(DESCRIPTION OF THE TASK):
The whole listing should be retyped word for word, apart from the pictures it holds.

(SUPPLIED MATERIAL):
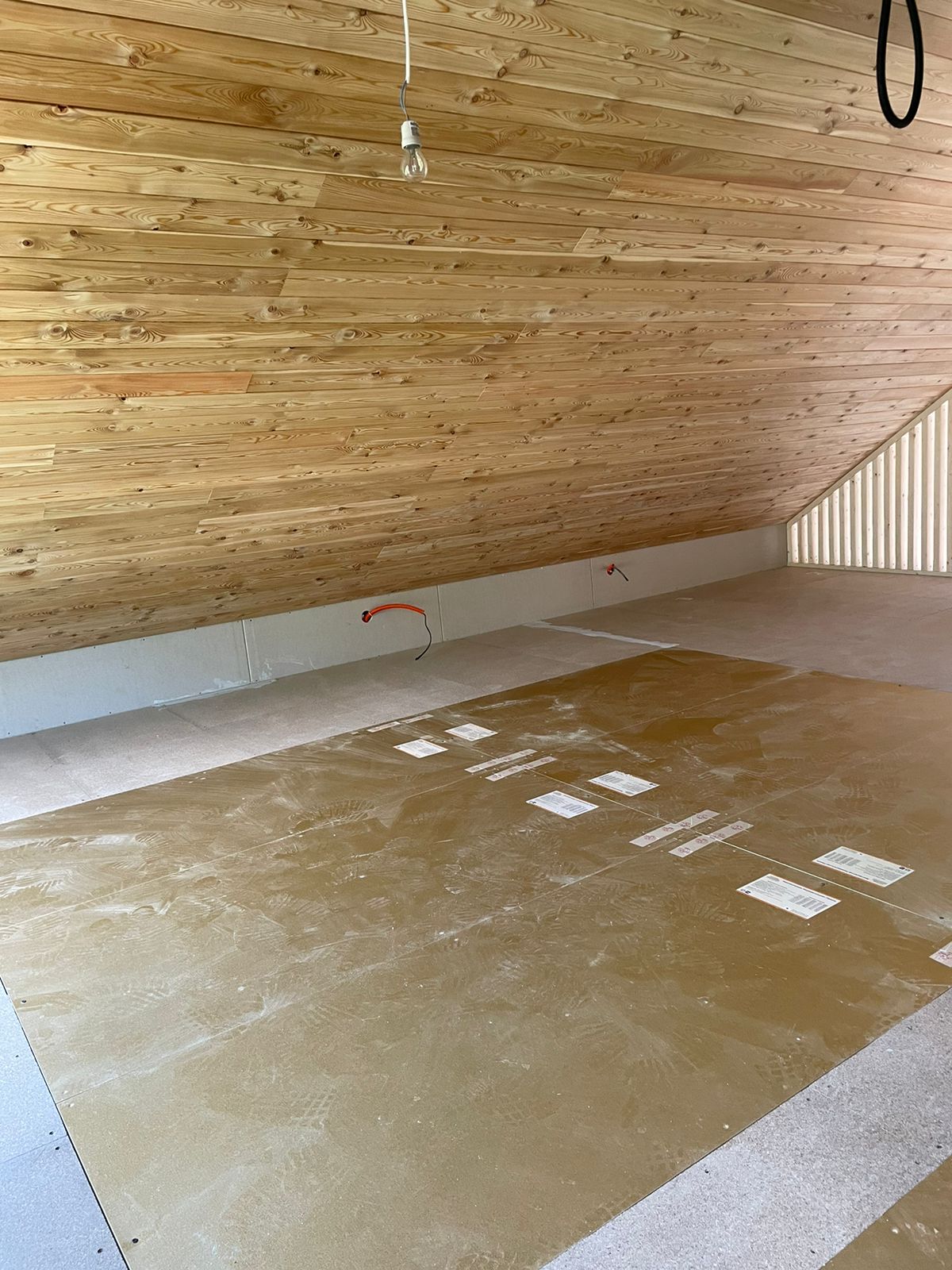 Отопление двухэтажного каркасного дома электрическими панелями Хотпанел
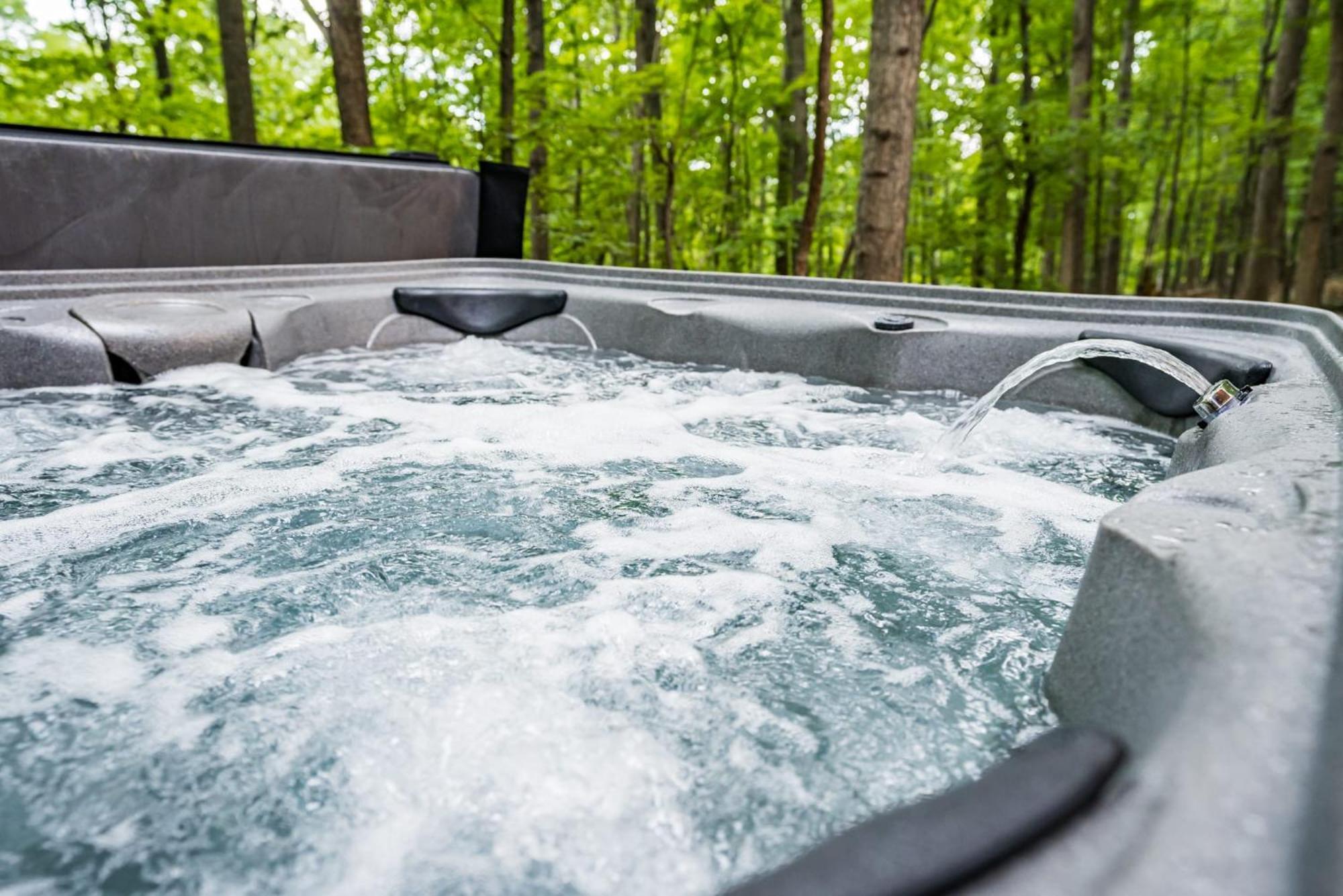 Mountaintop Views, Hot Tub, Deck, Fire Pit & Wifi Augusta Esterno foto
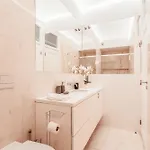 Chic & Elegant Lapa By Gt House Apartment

(WRITTEN ANSWER):
 Отопление двухэтажного каркасного дома электрическими панелями Хотпанел
 Mountaintop Views, Hot Tub, Deck, Fire Pit & Wifi Augusta Esterno foto
 Chic & Elegant Lapa By Gt House Apartment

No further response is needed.